**EXCERPTED RECORDS**
=== Begin Enclosure ===
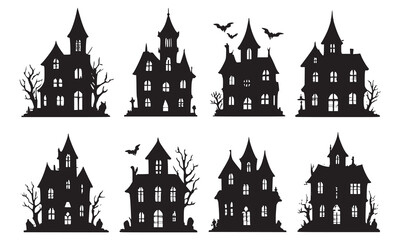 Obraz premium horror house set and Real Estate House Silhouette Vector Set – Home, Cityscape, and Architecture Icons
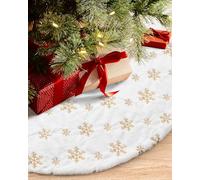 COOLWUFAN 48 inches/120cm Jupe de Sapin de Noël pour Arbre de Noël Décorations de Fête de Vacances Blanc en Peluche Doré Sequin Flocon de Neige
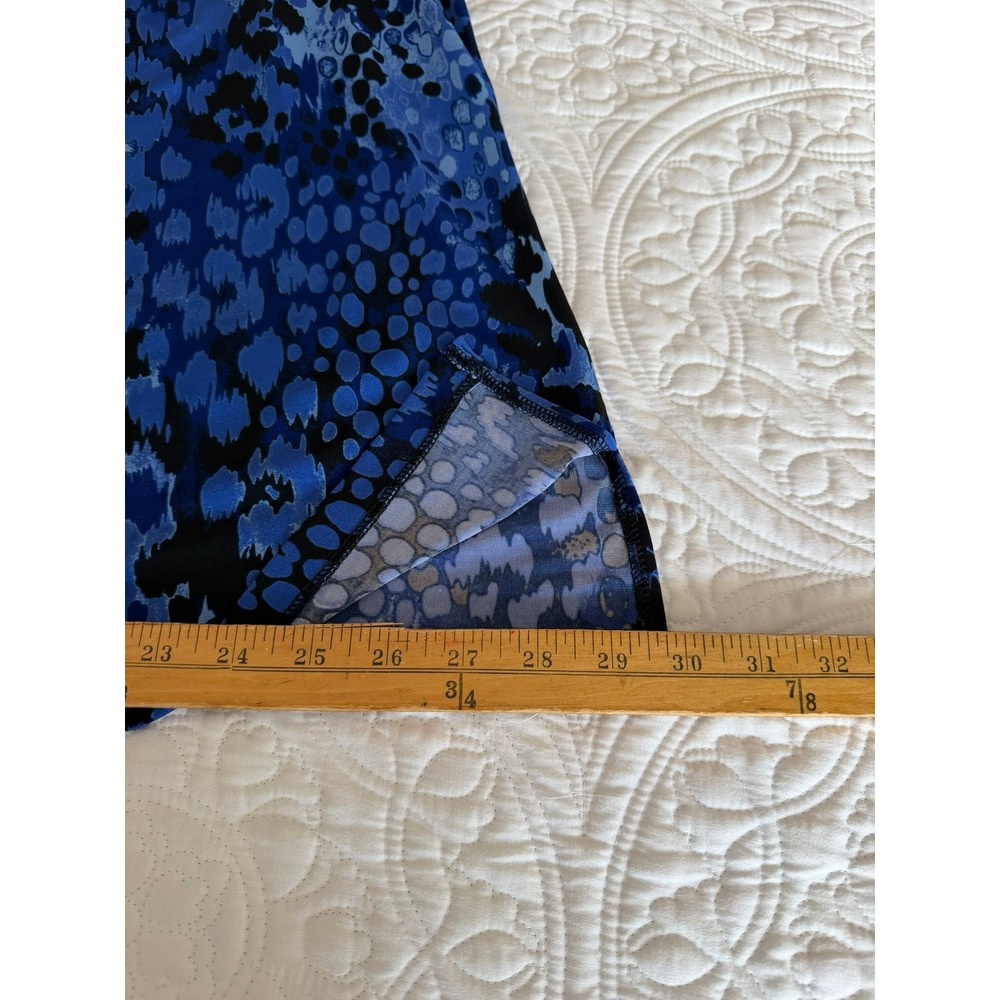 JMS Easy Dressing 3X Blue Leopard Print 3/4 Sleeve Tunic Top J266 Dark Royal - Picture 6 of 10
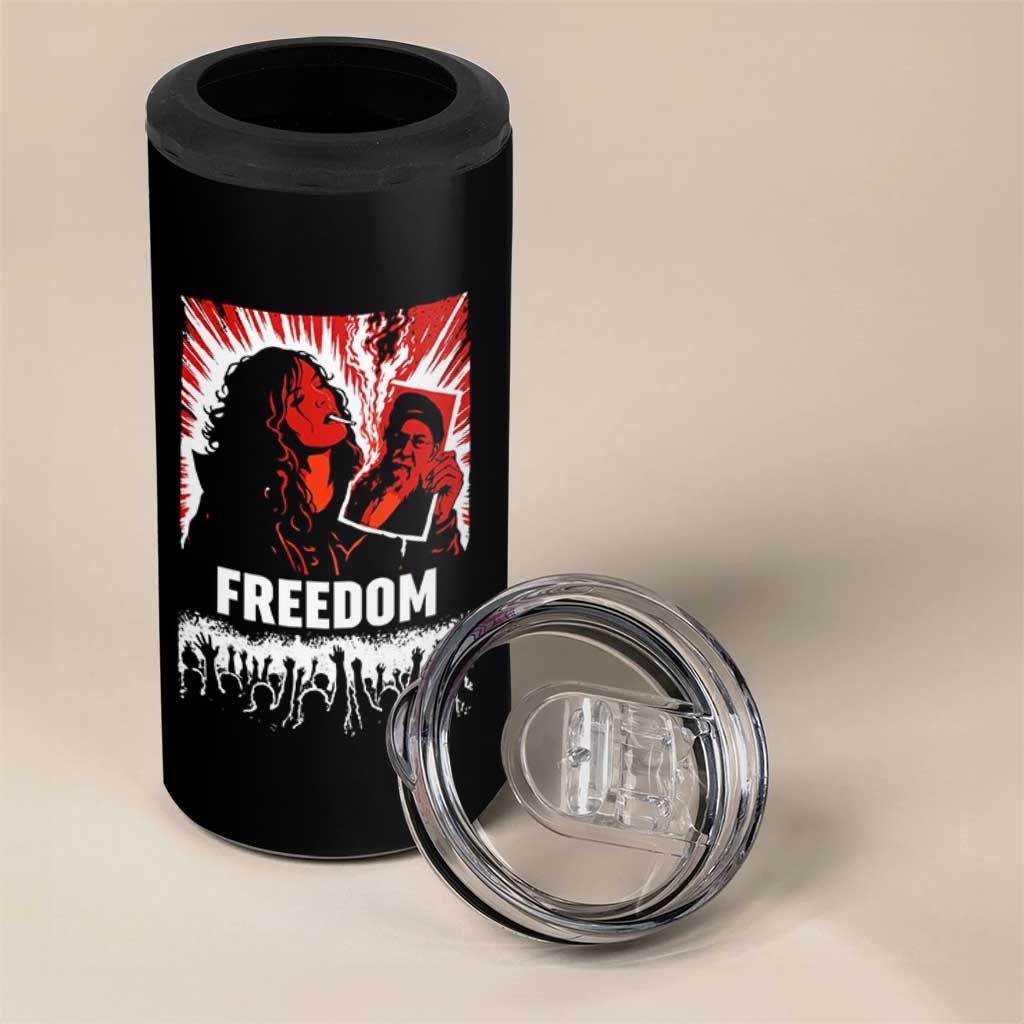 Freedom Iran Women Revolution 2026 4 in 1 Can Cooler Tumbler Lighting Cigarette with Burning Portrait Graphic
=== End Enclosure ===
=== Begin Enclosure ===
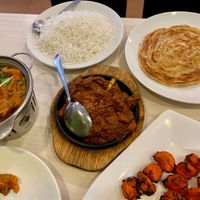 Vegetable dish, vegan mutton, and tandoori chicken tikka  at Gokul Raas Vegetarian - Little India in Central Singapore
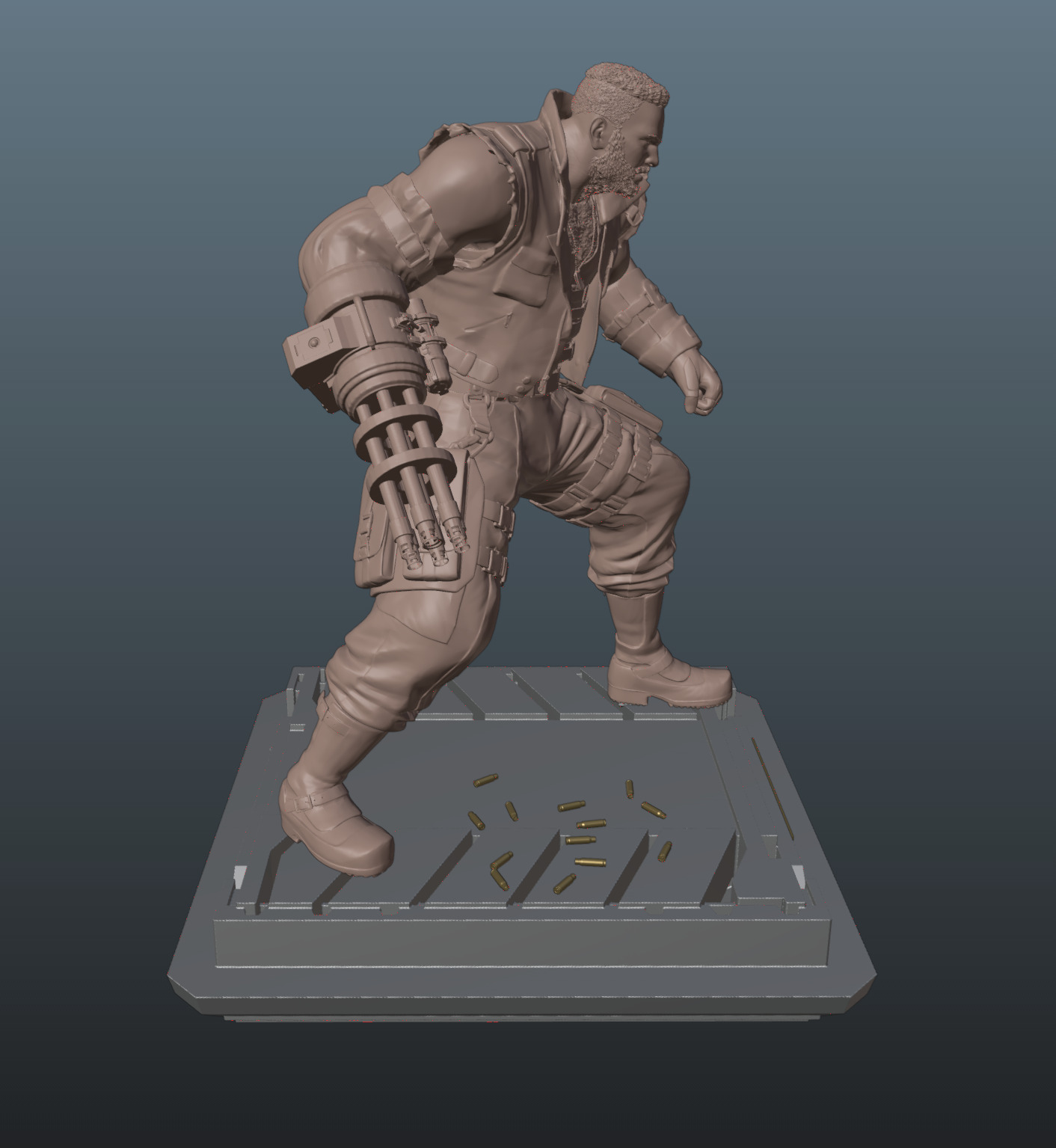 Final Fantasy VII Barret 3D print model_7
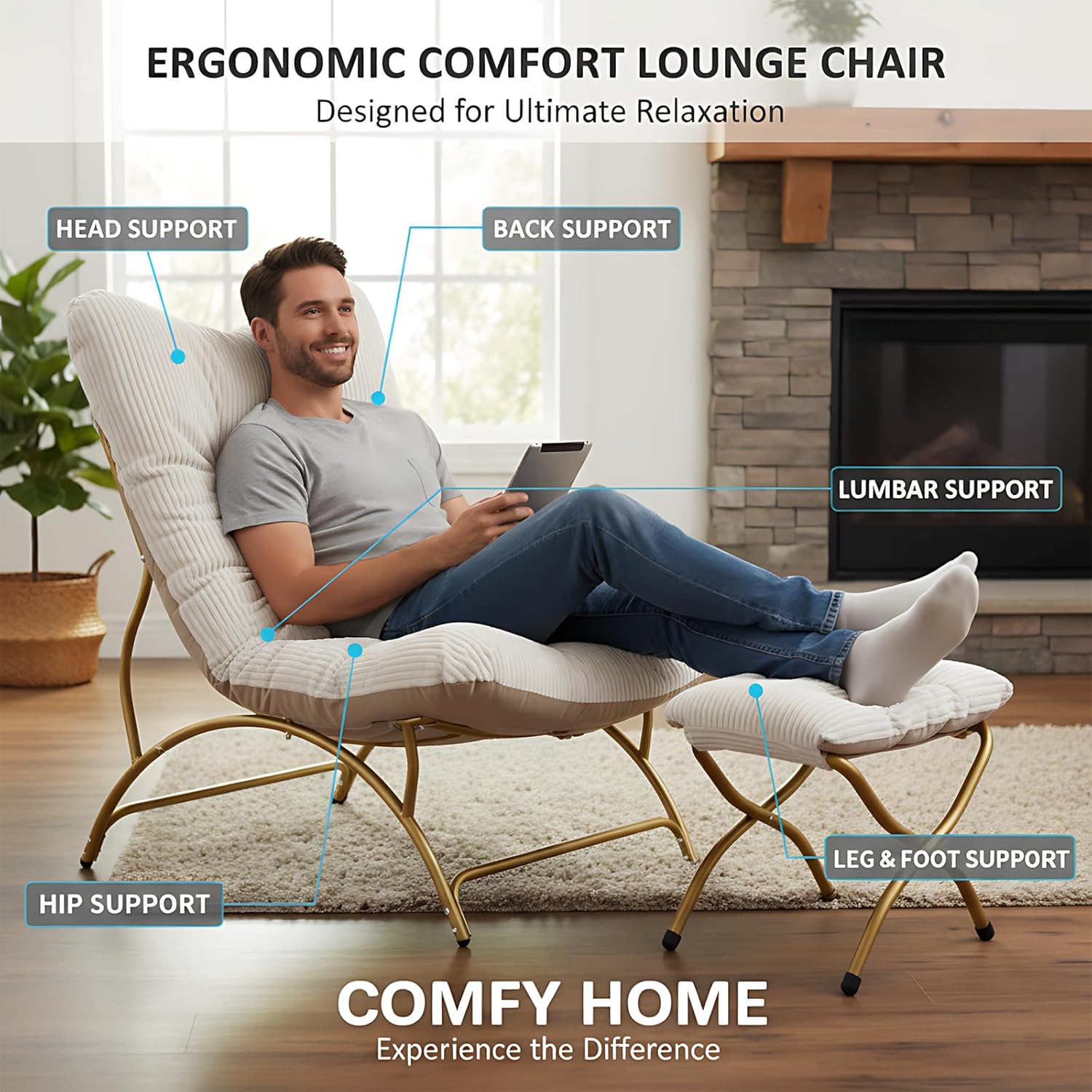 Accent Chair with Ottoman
=== End Enclosure ===
**ASSIGNMENT**
Within the listing above, write out the stretch from the line with "Obraz premium horror" through the line with "Freedom Iran Women" exactly. Any pictures are to be left out.

**SOLVED EXERCISE**
 Obraz premium horror house set and Real Estate House Silhouette Vector Set – Home, Cityscape, and Architecture Icons
 COOLWUFAN 48 inches/120cm Jupe de Sapin de Noël pour Arbre de Noël Décorations de Fête de Vacances Blanc en Peluche Doré Sequin Flocon de Neige
 JMS Easy Dressing 3X Blue Leopard Print 3/4 Sleeve Tunic Top J266 Dark Royal - Picture 6 of 10
 Freedom Iran Women Revolution 2026 4 in 1 Can Cooler Tumbler Lighting Cigarette with Burning Portrait Graphic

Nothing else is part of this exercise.